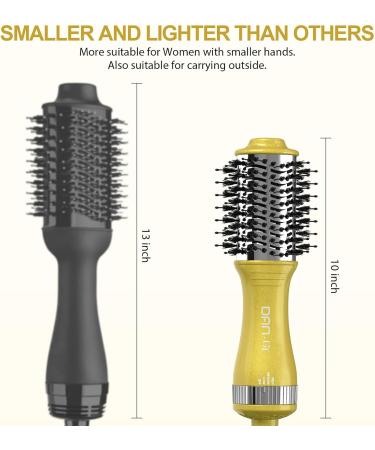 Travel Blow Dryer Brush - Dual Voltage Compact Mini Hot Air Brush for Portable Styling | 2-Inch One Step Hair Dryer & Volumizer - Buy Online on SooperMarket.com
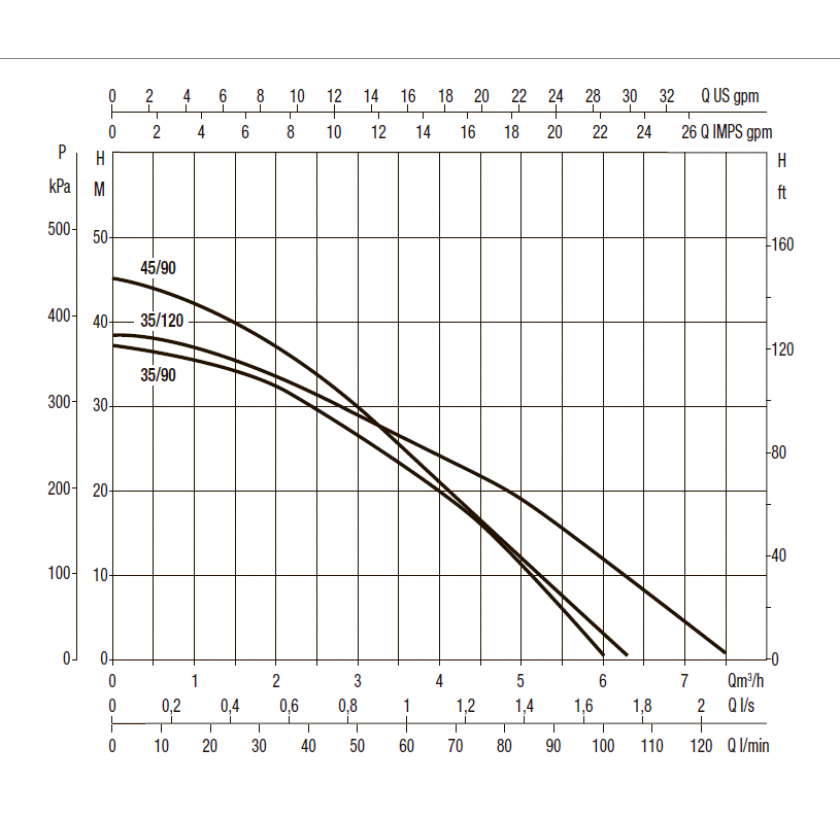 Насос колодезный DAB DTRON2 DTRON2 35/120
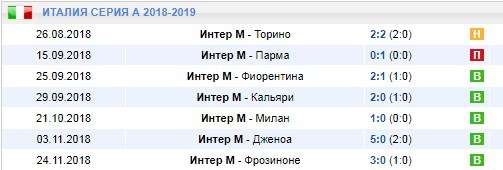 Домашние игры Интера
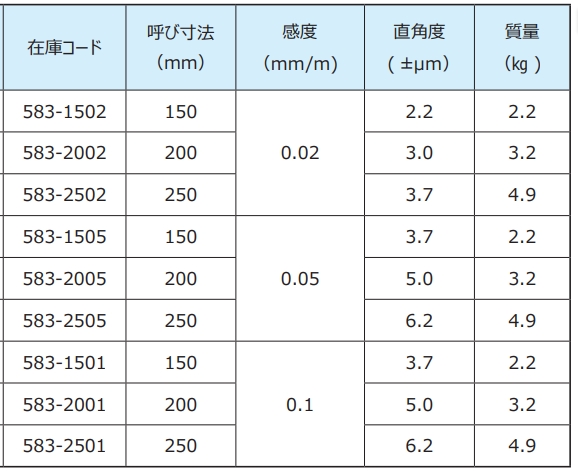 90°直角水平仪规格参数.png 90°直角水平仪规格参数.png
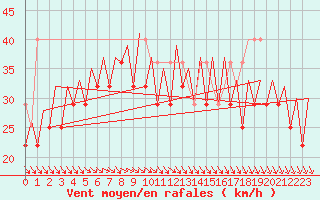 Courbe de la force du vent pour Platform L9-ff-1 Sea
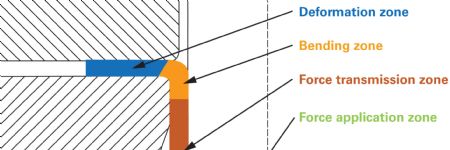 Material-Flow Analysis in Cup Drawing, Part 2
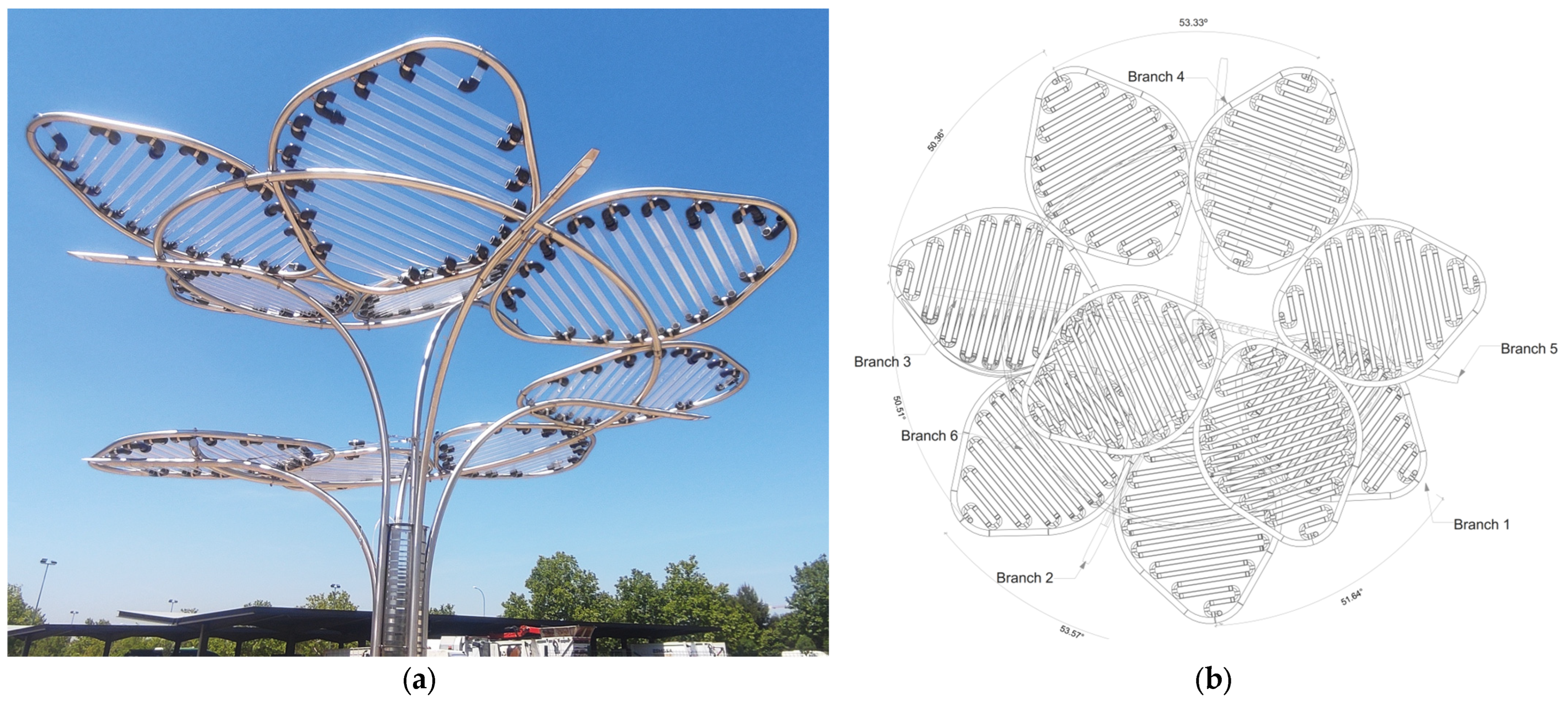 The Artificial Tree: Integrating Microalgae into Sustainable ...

===============

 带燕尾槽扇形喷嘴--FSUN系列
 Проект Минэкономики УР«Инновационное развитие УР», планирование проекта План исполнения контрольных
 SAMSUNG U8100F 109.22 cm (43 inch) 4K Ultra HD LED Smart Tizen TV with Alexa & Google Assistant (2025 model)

===============

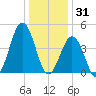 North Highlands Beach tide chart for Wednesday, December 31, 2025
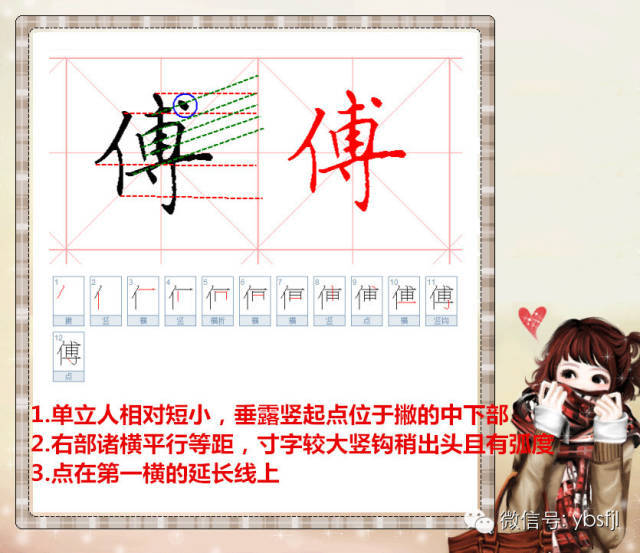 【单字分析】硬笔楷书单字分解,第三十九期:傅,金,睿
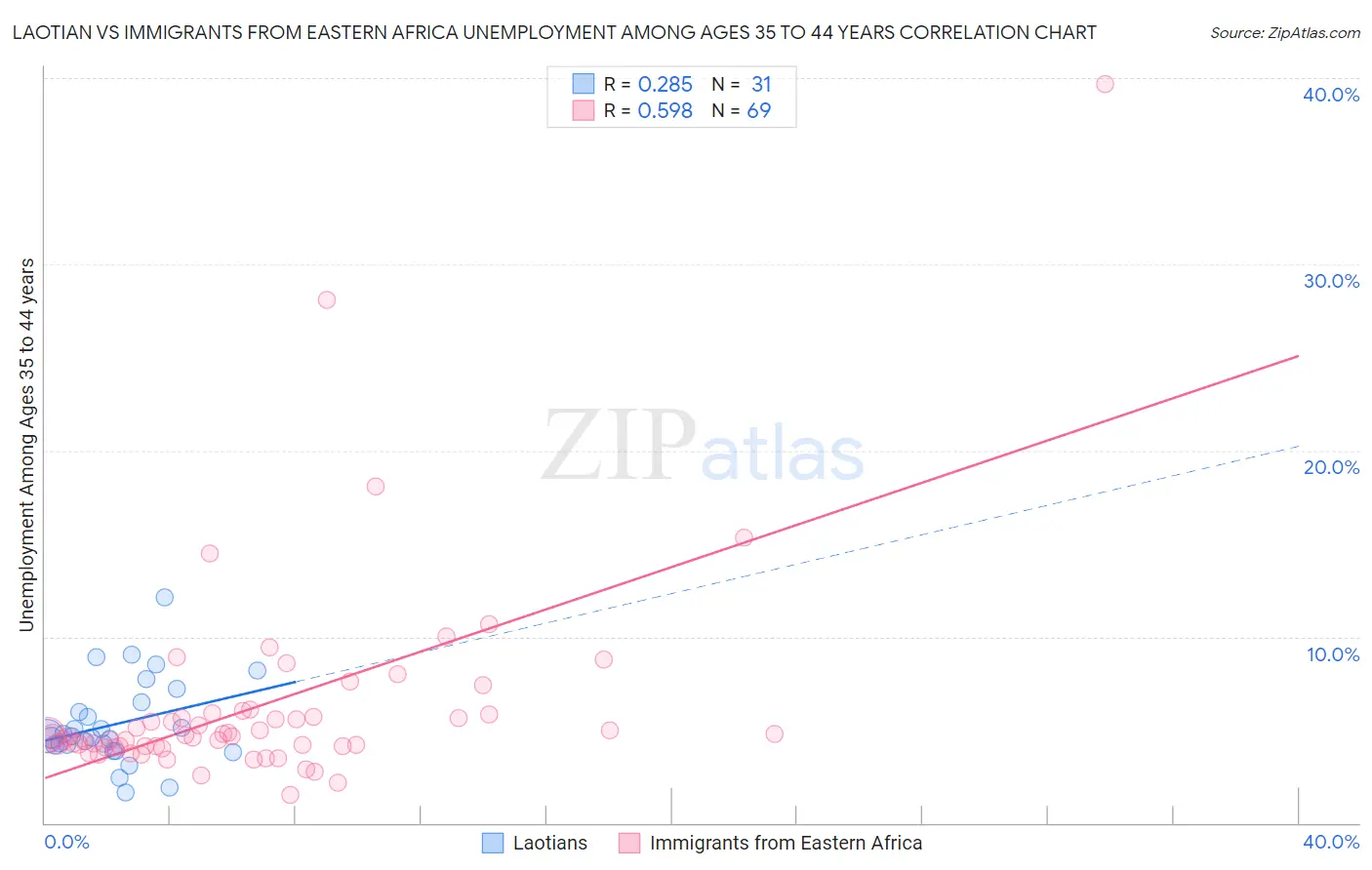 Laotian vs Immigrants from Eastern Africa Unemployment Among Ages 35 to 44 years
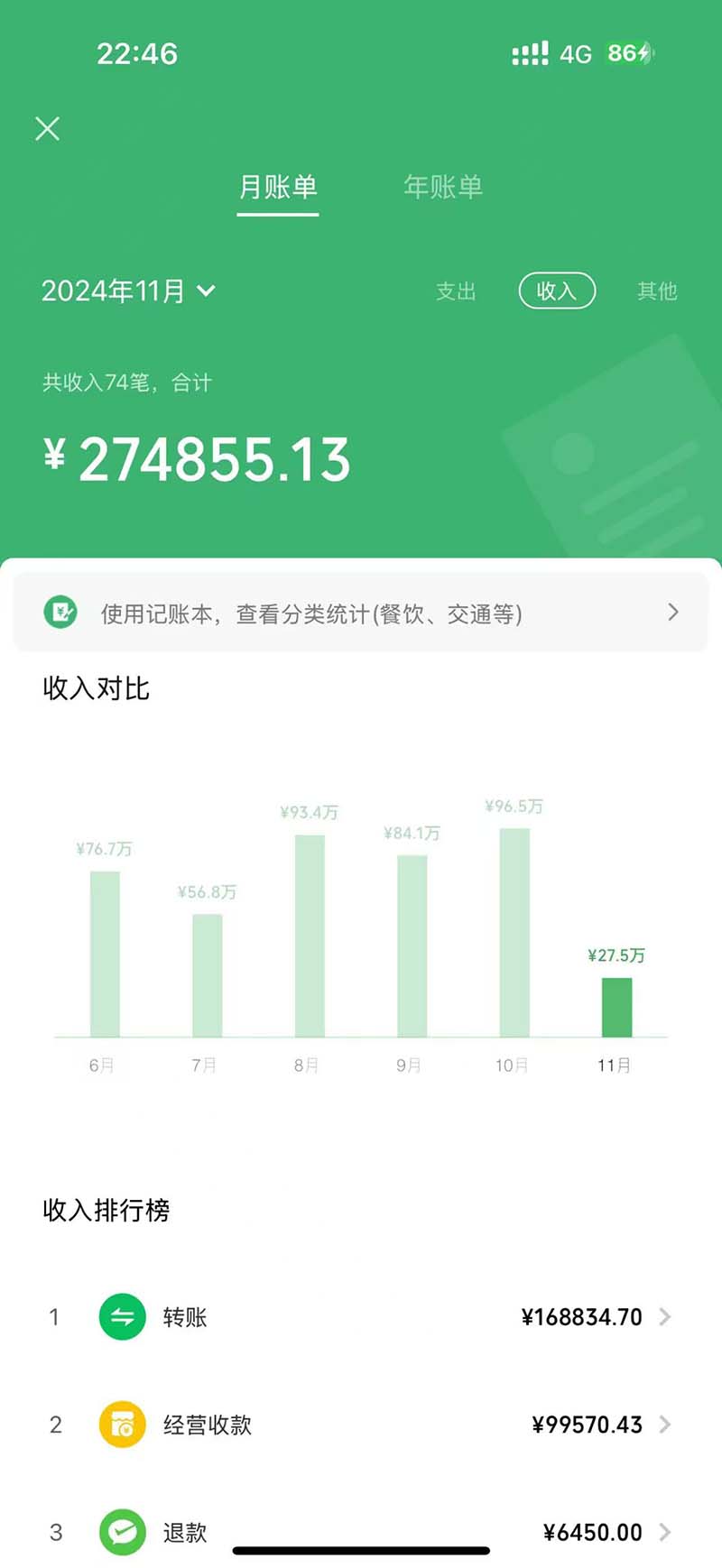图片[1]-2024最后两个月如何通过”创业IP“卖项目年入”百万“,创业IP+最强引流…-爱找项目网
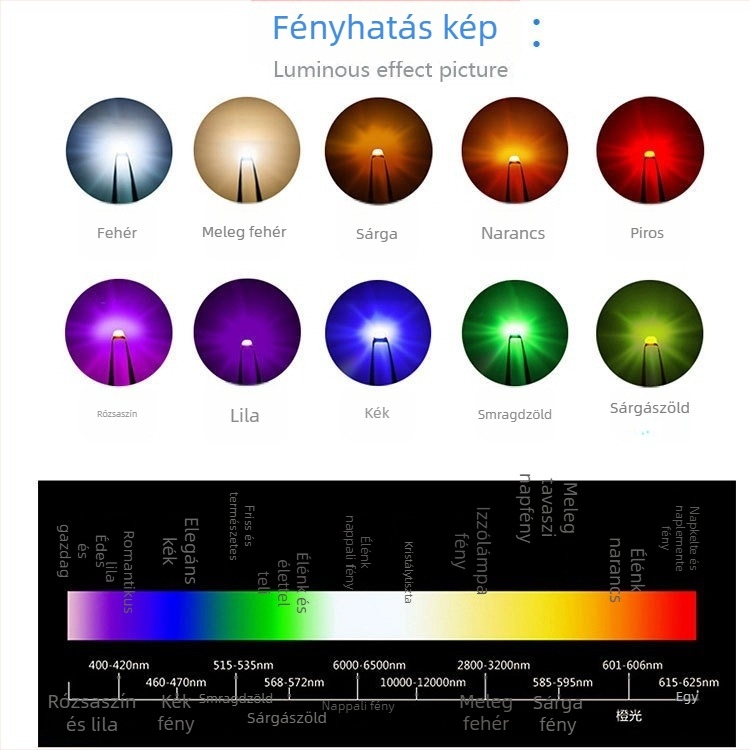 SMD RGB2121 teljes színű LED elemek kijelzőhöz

===============

● **Try it**: Write out again exactly the lines above from the one with "Laotian vs Immigrants" through the one with "SMD RGB2121 teljes", adding no other lines and no pictures.

● **Task result**:
 Laotian vs Immigrants from Eastern Africa Unemployment Among Ages 35 to 44 years
图片[1]-2024最后两个月如何通过”创业IP“卖项目年入”百万“,创业IP+最强引流…-爱找项目网
 SMD RGB2121 teljes színű LED elemek kijelzőhöz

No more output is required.